> Your goal
Could you output the listing that follows exactly, without its images?

> Available data
>>>

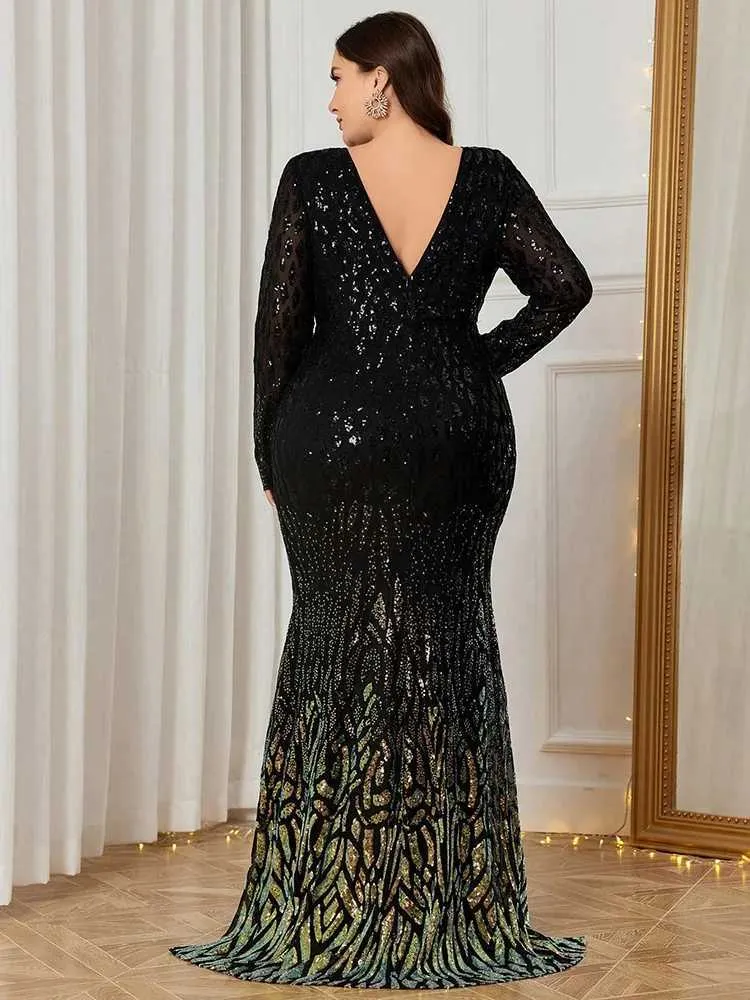plus size evening dresses melbourne FEMME Curves MILLIE Plus Size Corset Sequin Prom & Formal Dress Emerald / 22 USA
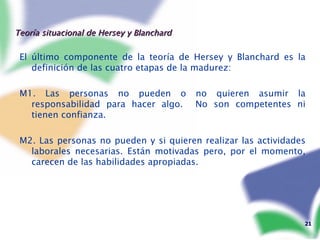 Teoría situacional de Hersey y Blanchard El último componente de la teoría de Hersey y Blanchard es la definición de las cuatro etapas de la madurez: M1. Las personas no pueden o no quieren asumir la responsabilidad para hacer algo.  No son competentes ni tienen confianza. M2. Las personas no pueden y si quieren realizar las actividades laborales necesarias. Están motivadas pero, por el momento, carecen de las habilidades apropiadas. 
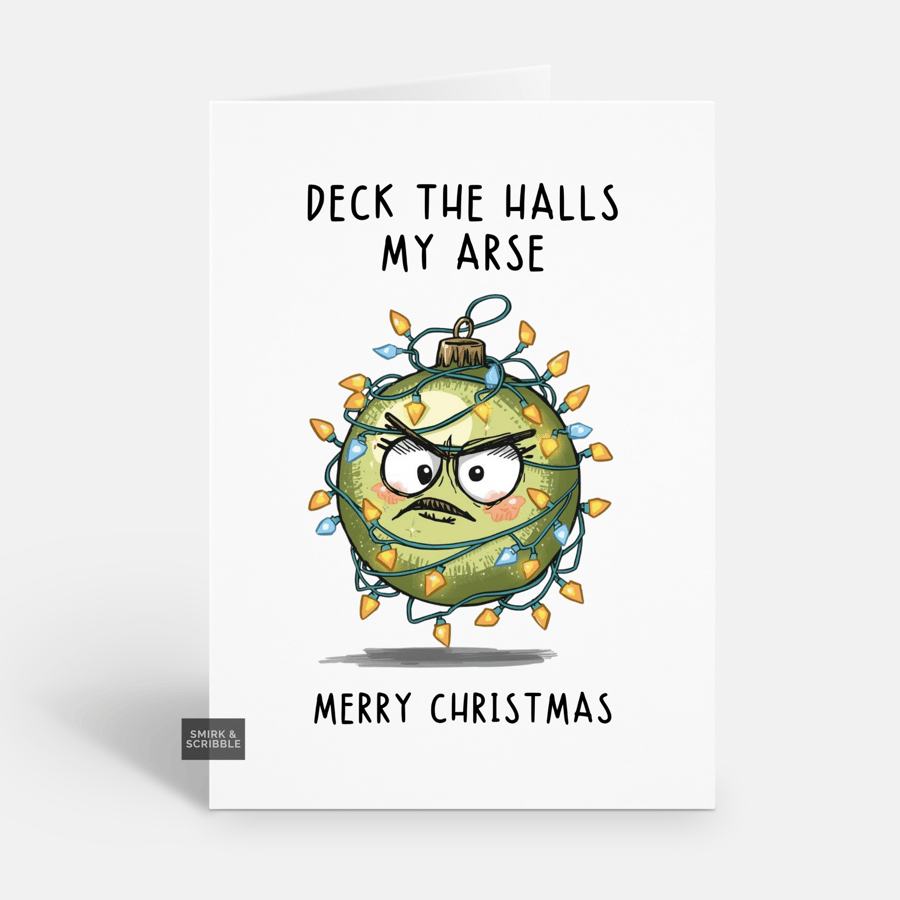Unique Funny Christmas Card For Him Or Her - Cheeky Rude Xmas Greeting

<<<

> Solution for this exercise
plus size evening dresses melbourne FEMME Curves MILLIE Plus Size Corset Sequin Prom & Formal Dress Emerald / 22 USA
 Teoría situacional de Hersey y Blanchard El último componente de la teoría de Hersey y Blanchard es la definición de las cuatro etapas de la madurez: M1. Las personas no pueden o no quieren asumir la responsabilidad para hacer algo.  No son competentes ni tienen confianza. M2. Las personas no pueden y si quieren realizar las actividades laborales necesarias. Están motivadas pero, por el momento, carecen de las habilidades apropiadas. 
Unique Funny Christmas Card For Him Or Her - Cheeky Rude Xmas Greeting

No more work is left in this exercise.